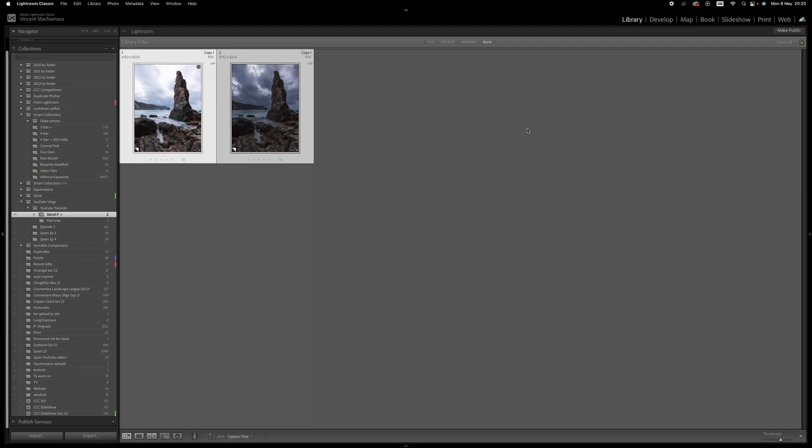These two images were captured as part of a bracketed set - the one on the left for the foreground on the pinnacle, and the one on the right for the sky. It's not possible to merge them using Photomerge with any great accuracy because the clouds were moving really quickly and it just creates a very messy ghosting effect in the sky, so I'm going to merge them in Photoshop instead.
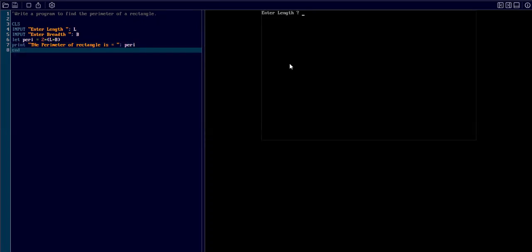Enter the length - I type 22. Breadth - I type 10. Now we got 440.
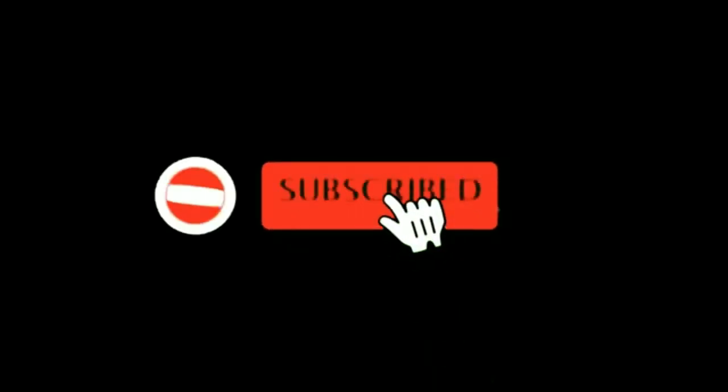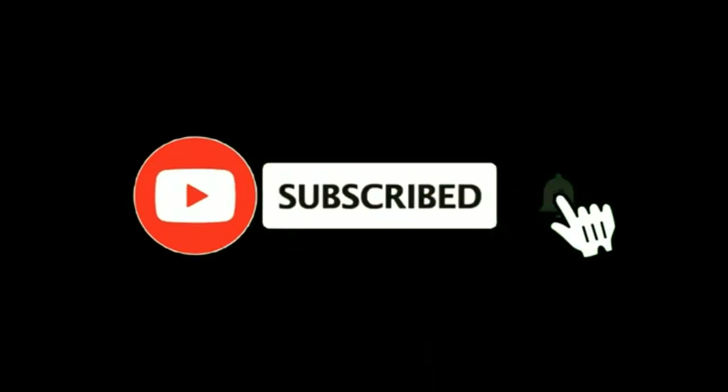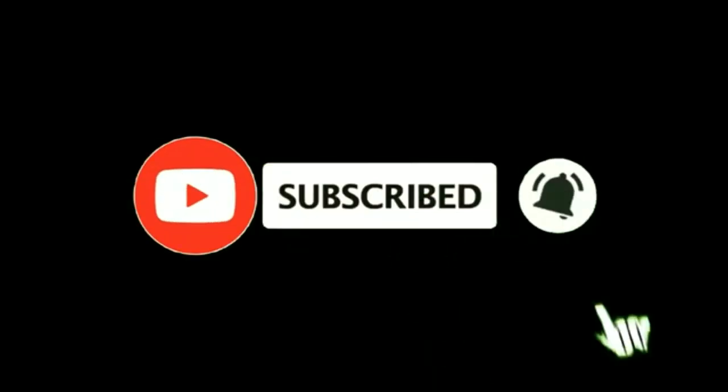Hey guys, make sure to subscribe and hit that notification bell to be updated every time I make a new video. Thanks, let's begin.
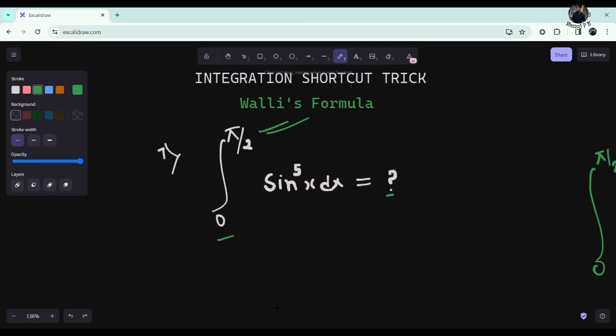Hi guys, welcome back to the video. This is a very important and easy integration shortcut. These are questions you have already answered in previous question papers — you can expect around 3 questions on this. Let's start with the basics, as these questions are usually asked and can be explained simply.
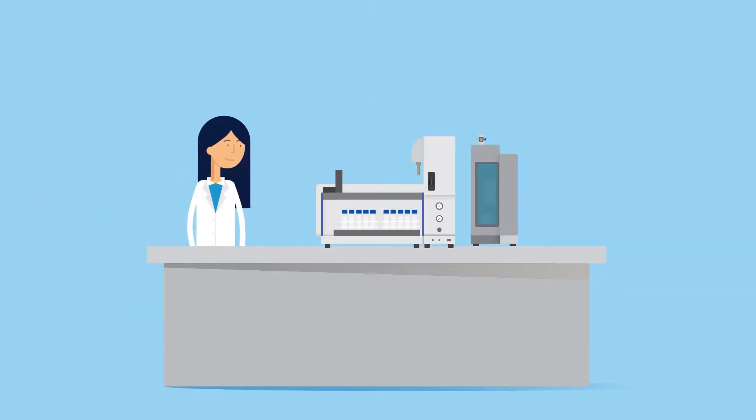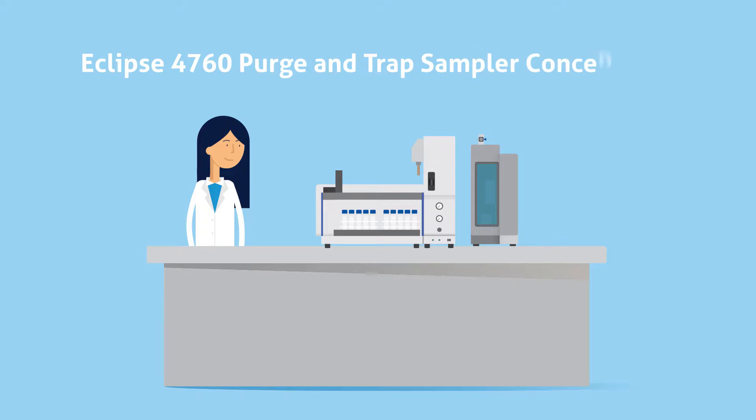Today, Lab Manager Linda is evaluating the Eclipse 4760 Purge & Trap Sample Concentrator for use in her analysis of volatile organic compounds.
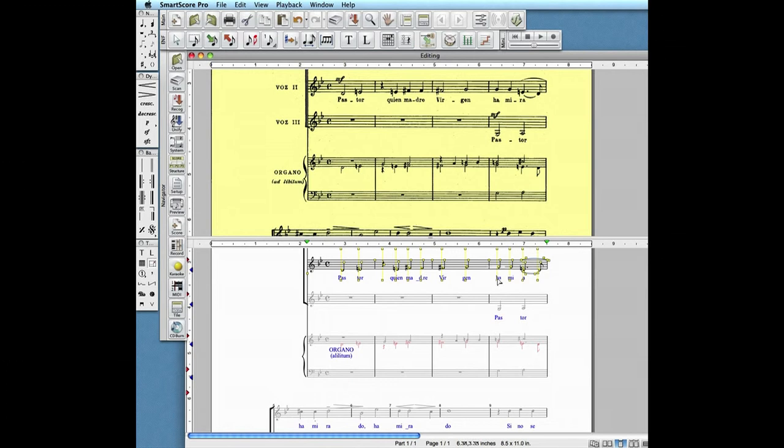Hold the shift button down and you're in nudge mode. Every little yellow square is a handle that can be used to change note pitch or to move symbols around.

--*--

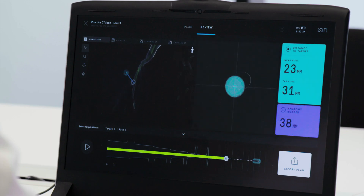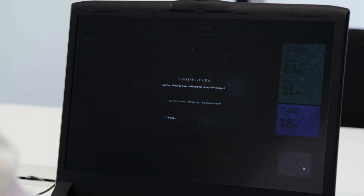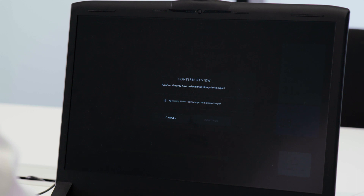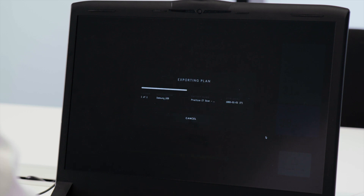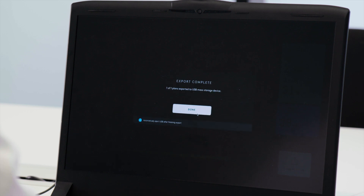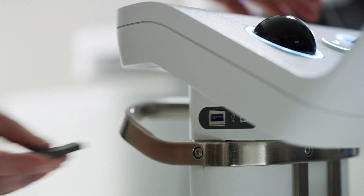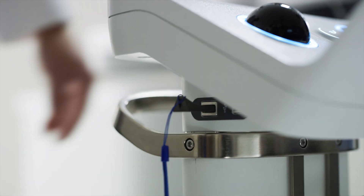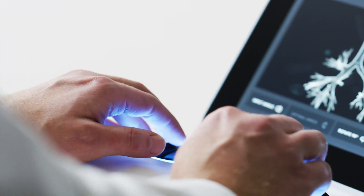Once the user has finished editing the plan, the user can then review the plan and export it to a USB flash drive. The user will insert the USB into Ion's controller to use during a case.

--*--

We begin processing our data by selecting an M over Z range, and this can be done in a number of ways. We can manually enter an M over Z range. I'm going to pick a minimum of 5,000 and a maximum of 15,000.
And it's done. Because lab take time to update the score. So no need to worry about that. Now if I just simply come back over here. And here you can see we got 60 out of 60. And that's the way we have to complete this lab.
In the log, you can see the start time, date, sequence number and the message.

--*--

▸ **Task details**: Tally the lines above that include "over"; give only the tally.

▸ **Answer box**: 2